**What is being asked:** Once you reach the line that holds "Hey guys, this" in the listing below, output it and every line after it through the line that holds "Now finally, in", word for word.

**Data to use:**
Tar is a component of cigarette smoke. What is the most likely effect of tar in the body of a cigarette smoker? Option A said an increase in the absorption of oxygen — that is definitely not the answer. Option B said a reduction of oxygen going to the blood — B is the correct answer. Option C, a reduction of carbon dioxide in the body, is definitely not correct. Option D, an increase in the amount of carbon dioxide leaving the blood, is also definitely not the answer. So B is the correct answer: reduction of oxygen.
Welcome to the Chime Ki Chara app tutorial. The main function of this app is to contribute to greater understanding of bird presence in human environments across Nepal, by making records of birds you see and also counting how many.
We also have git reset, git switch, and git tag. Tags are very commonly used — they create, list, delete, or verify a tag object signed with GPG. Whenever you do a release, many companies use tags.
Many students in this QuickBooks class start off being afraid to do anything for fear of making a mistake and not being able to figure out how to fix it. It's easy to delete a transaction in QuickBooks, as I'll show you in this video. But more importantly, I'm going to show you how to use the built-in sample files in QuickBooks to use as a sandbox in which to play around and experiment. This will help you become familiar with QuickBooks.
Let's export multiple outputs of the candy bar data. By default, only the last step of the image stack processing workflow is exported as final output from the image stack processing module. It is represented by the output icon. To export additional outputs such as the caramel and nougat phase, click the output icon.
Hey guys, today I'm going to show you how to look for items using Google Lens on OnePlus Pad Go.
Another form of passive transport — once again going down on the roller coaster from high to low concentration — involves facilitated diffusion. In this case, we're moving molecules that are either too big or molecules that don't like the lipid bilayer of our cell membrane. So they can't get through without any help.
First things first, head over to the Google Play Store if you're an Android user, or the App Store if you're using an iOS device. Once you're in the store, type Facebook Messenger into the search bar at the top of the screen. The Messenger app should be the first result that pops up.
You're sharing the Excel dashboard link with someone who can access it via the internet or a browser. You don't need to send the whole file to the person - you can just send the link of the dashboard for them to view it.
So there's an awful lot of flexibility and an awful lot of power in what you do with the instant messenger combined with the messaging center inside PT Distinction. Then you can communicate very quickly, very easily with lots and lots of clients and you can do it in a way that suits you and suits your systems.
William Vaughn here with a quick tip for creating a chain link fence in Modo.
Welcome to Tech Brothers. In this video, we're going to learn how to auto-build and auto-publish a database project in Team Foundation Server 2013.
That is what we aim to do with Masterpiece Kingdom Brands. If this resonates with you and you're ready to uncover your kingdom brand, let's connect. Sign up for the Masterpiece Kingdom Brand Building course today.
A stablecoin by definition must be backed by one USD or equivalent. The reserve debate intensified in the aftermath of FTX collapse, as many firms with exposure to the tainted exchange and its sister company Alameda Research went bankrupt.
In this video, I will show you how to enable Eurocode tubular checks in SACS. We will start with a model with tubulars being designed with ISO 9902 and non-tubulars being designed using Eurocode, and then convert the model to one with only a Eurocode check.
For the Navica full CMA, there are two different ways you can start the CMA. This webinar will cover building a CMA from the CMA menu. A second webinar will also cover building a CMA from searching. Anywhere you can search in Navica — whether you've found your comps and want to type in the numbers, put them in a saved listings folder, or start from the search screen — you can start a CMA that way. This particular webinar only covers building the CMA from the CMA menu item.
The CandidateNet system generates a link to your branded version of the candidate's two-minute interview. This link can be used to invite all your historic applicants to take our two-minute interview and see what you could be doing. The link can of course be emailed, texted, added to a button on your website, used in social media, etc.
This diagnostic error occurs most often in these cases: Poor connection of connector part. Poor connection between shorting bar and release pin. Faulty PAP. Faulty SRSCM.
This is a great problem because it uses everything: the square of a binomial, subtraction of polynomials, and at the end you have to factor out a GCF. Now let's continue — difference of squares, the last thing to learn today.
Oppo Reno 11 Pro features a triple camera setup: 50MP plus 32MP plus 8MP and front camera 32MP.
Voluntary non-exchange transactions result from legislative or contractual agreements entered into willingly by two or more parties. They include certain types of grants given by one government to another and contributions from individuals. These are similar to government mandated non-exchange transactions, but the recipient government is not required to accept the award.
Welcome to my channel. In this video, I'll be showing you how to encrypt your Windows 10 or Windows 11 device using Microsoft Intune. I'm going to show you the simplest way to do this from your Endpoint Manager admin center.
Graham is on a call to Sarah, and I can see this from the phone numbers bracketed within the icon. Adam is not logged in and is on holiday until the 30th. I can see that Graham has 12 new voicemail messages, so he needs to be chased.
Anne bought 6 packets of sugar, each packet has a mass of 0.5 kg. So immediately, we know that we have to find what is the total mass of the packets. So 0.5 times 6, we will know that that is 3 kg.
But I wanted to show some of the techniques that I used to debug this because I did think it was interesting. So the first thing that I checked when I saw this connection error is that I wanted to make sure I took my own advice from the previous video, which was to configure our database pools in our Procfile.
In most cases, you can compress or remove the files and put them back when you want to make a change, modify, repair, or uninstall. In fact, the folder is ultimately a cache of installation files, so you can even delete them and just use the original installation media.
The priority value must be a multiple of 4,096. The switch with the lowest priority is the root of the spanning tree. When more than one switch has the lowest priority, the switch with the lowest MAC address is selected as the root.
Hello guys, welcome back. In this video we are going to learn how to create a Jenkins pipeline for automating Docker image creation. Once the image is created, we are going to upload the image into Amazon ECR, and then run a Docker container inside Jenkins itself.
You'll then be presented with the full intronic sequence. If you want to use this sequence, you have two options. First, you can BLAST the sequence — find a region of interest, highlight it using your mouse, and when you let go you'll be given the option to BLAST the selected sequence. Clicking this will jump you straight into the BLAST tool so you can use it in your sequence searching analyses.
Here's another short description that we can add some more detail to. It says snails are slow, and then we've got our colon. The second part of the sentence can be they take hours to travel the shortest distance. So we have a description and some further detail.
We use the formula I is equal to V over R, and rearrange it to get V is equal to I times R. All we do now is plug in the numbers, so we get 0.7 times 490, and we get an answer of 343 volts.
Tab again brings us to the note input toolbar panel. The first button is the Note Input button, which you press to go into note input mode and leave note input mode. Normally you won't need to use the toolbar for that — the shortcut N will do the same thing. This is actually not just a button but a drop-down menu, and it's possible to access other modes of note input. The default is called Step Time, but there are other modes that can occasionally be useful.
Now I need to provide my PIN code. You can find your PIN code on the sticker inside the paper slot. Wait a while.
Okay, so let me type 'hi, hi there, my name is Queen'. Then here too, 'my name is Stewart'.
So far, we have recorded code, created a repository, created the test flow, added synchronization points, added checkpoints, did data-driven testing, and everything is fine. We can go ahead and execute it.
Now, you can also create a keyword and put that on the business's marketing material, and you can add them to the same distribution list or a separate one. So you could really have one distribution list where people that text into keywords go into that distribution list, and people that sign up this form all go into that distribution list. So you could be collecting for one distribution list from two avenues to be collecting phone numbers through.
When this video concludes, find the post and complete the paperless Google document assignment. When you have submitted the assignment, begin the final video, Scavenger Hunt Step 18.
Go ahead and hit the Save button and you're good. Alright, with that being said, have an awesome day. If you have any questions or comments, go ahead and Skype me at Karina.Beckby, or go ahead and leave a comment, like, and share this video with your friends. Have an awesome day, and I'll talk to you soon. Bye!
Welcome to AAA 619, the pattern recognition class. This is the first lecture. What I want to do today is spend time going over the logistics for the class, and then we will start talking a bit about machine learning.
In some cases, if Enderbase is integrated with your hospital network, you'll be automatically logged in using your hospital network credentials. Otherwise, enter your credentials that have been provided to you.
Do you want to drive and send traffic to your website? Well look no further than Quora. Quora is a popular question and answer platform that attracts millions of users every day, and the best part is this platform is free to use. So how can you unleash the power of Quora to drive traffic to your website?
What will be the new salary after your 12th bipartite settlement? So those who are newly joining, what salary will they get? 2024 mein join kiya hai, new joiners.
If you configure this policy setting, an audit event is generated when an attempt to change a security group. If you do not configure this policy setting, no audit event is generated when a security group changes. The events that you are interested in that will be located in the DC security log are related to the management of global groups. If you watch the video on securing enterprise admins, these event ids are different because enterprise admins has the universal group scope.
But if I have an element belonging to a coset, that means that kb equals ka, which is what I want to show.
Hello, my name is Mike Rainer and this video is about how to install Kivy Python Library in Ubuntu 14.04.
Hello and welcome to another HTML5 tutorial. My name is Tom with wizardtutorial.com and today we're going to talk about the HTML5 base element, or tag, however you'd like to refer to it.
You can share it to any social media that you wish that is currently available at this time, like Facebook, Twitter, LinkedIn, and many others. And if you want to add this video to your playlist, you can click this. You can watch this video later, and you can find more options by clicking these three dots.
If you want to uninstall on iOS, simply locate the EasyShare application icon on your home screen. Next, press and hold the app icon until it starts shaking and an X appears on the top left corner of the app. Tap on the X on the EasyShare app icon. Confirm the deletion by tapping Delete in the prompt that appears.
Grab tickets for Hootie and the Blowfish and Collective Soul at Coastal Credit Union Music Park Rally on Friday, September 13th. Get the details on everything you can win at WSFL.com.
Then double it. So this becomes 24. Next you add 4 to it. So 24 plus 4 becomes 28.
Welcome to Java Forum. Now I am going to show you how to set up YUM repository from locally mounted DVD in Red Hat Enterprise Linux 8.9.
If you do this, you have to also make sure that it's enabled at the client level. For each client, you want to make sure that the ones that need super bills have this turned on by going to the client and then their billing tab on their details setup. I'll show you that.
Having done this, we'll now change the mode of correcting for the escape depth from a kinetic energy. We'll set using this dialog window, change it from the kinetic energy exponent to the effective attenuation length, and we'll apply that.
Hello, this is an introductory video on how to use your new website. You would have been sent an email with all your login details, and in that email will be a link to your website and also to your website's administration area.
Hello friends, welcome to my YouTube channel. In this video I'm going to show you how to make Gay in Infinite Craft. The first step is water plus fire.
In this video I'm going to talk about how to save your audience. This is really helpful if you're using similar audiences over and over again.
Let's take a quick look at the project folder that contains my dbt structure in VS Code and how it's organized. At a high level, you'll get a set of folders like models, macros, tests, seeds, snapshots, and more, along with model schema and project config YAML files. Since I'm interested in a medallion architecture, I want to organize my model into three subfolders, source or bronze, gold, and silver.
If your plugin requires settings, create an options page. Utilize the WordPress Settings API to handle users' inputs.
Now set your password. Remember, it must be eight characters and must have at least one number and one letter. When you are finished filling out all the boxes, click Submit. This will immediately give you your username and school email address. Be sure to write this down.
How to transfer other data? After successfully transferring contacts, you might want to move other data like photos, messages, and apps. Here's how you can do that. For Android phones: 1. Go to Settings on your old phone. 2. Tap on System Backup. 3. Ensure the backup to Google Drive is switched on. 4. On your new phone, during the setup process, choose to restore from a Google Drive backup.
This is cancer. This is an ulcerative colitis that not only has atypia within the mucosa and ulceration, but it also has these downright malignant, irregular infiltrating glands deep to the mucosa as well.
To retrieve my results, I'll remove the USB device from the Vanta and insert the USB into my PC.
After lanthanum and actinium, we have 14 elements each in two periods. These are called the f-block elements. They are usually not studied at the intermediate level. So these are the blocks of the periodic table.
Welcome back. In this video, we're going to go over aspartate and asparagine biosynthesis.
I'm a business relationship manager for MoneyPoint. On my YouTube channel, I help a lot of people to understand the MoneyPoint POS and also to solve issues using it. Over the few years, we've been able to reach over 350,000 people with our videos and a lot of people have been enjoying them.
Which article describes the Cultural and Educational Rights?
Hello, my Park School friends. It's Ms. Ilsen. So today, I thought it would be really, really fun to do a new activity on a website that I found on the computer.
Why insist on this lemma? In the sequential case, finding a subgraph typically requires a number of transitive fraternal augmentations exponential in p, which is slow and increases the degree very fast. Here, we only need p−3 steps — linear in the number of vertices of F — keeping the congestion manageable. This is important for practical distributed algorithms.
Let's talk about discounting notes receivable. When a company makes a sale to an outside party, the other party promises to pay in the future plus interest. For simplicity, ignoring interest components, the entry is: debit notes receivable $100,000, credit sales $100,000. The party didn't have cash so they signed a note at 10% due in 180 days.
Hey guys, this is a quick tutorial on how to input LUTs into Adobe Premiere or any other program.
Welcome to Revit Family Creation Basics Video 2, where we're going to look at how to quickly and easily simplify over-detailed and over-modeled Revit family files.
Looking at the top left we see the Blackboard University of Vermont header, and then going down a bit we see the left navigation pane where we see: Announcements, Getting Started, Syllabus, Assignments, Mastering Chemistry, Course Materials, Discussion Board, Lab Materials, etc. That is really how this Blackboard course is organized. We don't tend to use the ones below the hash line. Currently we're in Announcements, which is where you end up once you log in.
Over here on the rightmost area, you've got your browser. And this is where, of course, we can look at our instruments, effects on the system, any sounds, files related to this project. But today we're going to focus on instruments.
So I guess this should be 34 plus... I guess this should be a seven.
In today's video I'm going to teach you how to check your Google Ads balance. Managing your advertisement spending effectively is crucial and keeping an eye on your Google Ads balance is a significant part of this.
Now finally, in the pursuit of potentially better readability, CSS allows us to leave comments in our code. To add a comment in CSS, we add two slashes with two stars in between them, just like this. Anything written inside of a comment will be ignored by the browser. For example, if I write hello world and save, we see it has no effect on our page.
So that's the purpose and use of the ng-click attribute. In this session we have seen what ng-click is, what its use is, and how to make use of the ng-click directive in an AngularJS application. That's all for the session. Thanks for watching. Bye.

**Output of the exercise:**
Hey guys, this is a quick tutorial on how to input LUTs into Adobe Premiere or any other program.
Welcome to Revit Family Creation Basics Video 2, where we're going to look at how to quickly and easily simplify over-detailed and over-modeled Revit family files.
Looking at the top left we see the Blackboard University of Vermont header, and then going down a bit we see the left navigation pane where we see: Announcements, Getting Started, Syllabus, Assignments, Mastering Chemistry, Course Materials, Discussion Board, Lab Materials, etc. That is really how this Blackboard course is organized. We don't tend to use the ones below the hash line. Currently we're in Announcements, which is where you end up once you log in.
Over here on the rightmost area, you've got your browser. And this is where, of course, we can look at our instruments, effects on the system, any sounds, files related to this project. But today we're going to focus on instruments.
So I guess this should be 34 plus... I guess this should be a seven.
In today's video I'm going to teach you how to check your Google Ads balance. Managing your advertisement spending effectively is crucial and keeping an eye on your Google Ads balance is a significant part of this.
Now finally, in the pursuit of potentially better readability, CSS allows us to leave comments in our code. To add a comment in CSS, we add two slashes with two stars in between them, just like this. Anything written inside of a comment will be ignored by the browser. For example, if I write hello world and save, we see it has no effect on our page.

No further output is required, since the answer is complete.